Railcoop, l’analyse experte de la chute annoncée du projet de train Bordeaux-Lyon
La coopérative Railcoop devrait être liquidée le 29 avril prochain. Malgré le soutien de plus de 14.000 sociétaires, l’entreprise n’a pas réussi à relancer la ligne ferroviaire entre Bordeaux et Lyon. La coopérative a rencontré des difficultés insurmontables, notamment en raison d’une ligne trop délabrée et d’un modèle coopératif inadapté. De plus, elle n’a pas reçu les soutiens nécessaires pour mener à bien son projet.
Après avoir accumulé des pertes financières importantes, Railcoop s’est retrouvée en litige avec le restaurateur ferroviaire ACCM pour des frais de garage élevés. Ces problèmes ont conduit à une situation impossible à gérer, entraînant la liquidation de l’entreprise.
Malgré ses efforts pour relancer la ligne Bordeaux-Lyon, notamment par le biais de nouvelles souscriptions auprès de ses sociétaires, Railcoop n’a pas pu surmonter ses difficultés financières et logistiques. Cette initiative visait initialement à offrir un service ferroviaire militant et utopique au service des territoires, mais elle se solde par un échec financier important qui met fin à cette courte histoire.
Sommaire
Les banques qui ne sont pas là
Railcoop, une coopérative ferroviaire, a rencontré des difficultés financières en raison du manque de soutien des banques. Les collectivités locales qui étaient sociétaires de Railcoop ont été déçues par le manque d’engagement financier des banques. Malgré cela, la coopérative avait pour objectif de lancer un service entre Bordeaux et Lyon pour l’été 2024. Cependant, les banques n’ont pas accepté de financer le projet, ce qui a conduit à des retards et à des obstacles majeurs pour la réalisation du projet. Certains estiment que le choix de se monter en coopérative a été une faiblesse pour Railcoop, tandis que d’autres soulignent les difficultés liées à l’obtention d’une licence ferroviaire en France.
En résumé :
– Railcoop a eu du mal à obtenir un financement suffisant auprès des banques
– Le projet de lancement d’un service entre Bordeaux et Lyon a fait face à des obstacles financiers
– La structure en coopérative ainsi que les défis liés à l’obtention d’une licence ont contribué aux difficultés rencontrées par Railcoop.
Voie ferrée délaissée
Arriver sur un marché monopolisé par la SNCF est déjà difficile, mais Railcoop a choisi une voie abandonnée. Ce choix suscite des doutes chez de nombreux observateurs du secteur des transports. Il y a une ligne de 40 kilomètres en Auvergne-Rhône-Alpes qui est à l’abandon et que la région refuse de rénover. De plus, la position de l’État est remise en question car le réseau appartient à SNCF Réseau. Les moyens n’ont pas été mis pour maintenir cette ligne ouverte selon certains responsables régionaux.
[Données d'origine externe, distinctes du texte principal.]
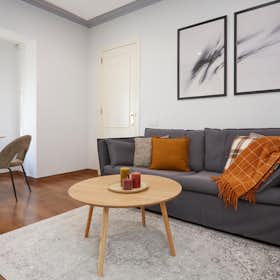 Apartment for rent for €1,995 per month in Barcelona, Carrer de Regàs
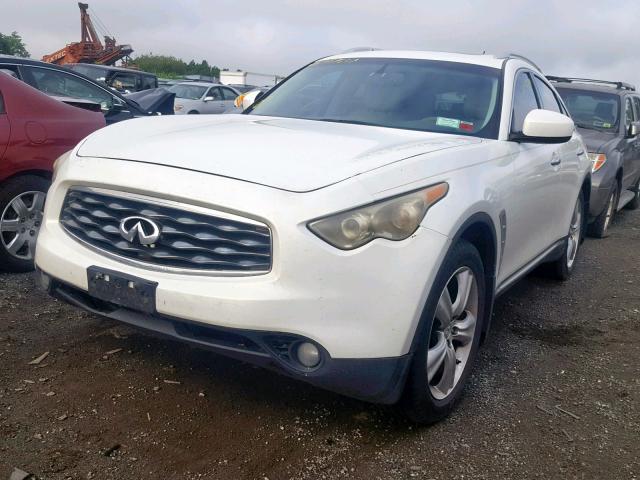 JNRAS18W69M156062 - 2009 INFINITI FX35 WHITE photo 2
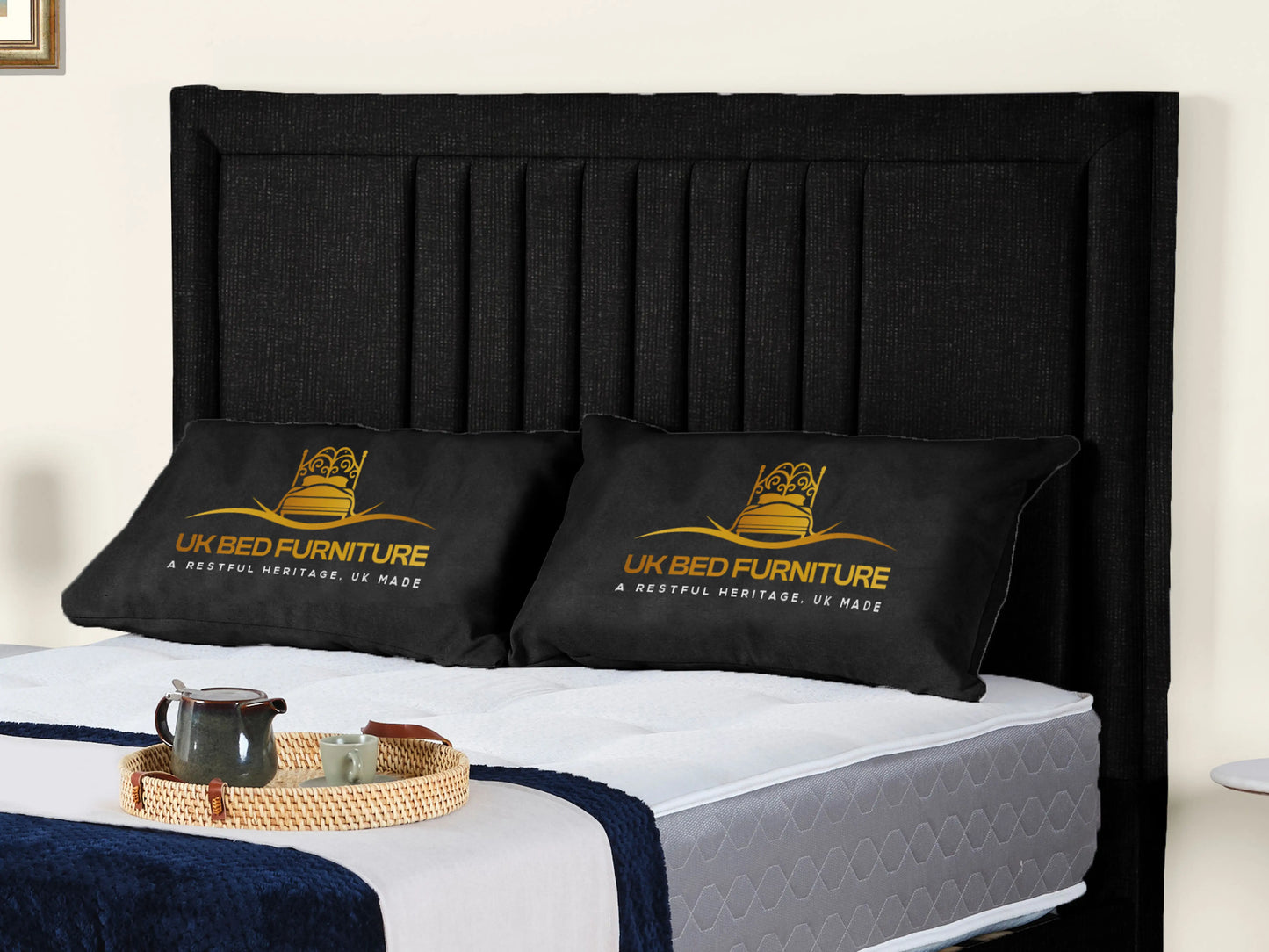Cannas upholstered bed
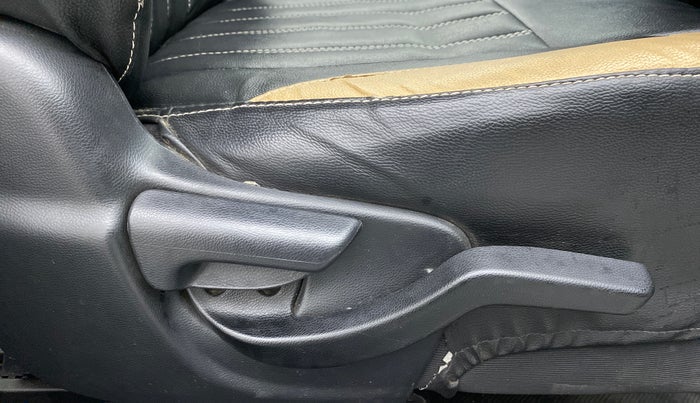 2017 Honda BR-V 1.5L I-VTEC S, Petrol, Manual, 54,549 km, Driver Side Adjustment Panel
La coopérative ferroviaire a également obtenu des faveurs de la part des collectivités locales séduites par ses promesses, au détriment des TER.
Les régions en désordre
Les régions Nouvelle-Aquitaine et Occitanie n’ont pas investi financièrement dans le projet de Railcoop, malgré des promesses antérieures. La Nouvelle-Aquitaine a décliné l’offre par crainte de conflits d’intérêts potentiels avec d’éventuels appels d’offres futurs concernant les lignes régionales. De son côté, la région Occitanie reconnaît avoir proposé un soutien financier à parts égales avec trois autres régions pour garantir un emprunt bancaire, mais cette proposition n’a pas abouti faute de suivi des autres parties et de transmission du contrat de prêt. Cette situation est regrettée par les administrateurs de Railcoop qui estiment que si les régions avaient tenu leurs engagements, les trains circuleraient déjà aujourd’hui.
Pas de rancœur
Les membres de la coopérative ferroviaire Railcoop sont partagés quant à l’avenir du projet, certains exprimant leur déception tandis que d’autres soulignent les aspects positifs. Malgré quelques critiques sur la viabilité du projet et l’utilisation des fonds publics, le président de la coopérative reste convaincu que le concept a ses mérites et souligne qu’un grand nombre de personnes soutiennent l’idée. Néanmoins, malgré trois ans d’ouverture à la concurrence, la SNCF demeure le seul opérateur ferroviaire français majeur. Le PDG de Railcoop préfère s’abstenir de tout commentaire avant une audience au tribunal concernant l’affaire en question. La coopérative envisage déjà comment valoriser les efforts collectifs entrepris au cours des dernières années, tout en évoquant une possible fin à l’aventure coopérative.